▶ [Exercise]:
Give back exactly the lines from the start of the listing to the line containing "ブリヂストンゴルフ(BRIDGESTONE GOLF)ゴルフウェア 26SS", inclusive, and nothing beyond them.

════

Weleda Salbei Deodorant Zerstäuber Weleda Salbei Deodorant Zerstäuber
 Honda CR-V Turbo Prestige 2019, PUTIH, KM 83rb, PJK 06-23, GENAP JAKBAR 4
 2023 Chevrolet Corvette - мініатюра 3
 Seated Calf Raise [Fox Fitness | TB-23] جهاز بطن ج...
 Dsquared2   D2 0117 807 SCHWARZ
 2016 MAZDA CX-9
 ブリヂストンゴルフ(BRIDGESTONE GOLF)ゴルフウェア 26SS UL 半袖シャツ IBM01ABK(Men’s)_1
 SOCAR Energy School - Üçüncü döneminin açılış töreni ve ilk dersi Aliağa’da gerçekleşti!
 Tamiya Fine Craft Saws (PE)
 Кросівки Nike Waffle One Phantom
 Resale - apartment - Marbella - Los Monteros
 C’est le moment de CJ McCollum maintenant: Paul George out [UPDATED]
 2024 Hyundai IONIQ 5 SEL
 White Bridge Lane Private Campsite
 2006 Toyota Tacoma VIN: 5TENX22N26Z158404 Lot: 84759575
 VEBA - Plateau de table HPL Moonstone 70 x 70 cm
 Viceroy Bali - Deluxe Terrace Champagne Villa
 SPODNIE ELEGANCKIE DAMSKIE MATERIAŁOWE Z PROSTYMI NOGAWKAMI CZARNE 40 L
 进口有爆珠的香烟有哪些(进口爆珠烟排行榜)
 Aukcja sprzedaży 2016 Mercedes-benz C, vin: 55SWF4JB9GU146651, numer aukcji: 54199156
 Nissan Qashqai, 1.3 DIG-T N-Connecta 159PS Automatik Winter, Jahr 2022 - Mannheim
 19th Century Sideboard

════

▶ [Exercise result]:
Weleda Salbei Deodorant Zerstäuber Weleda Salbei Deodorant Zerstäuber
 Honda CR-V Turbo Prestige 2019, PUTIH, KM 83rb, PJK 06-23, GENAP JAKBAR 4
 2023 Chevrolet Corvette - мініатюра 3
 Seated Calf Raise [Fox Fitness | TB-23] جهاز بطن ج...
 Dsquared2   D2 0117 807 SCHWARZ
 2016 MAZDA CX-9
 ブリヂストンゴルフ(BRIDGESTONE GOLF)ゴルフウェア 26SS UL 半袖シャツ IBM01ABK(Men’s)_1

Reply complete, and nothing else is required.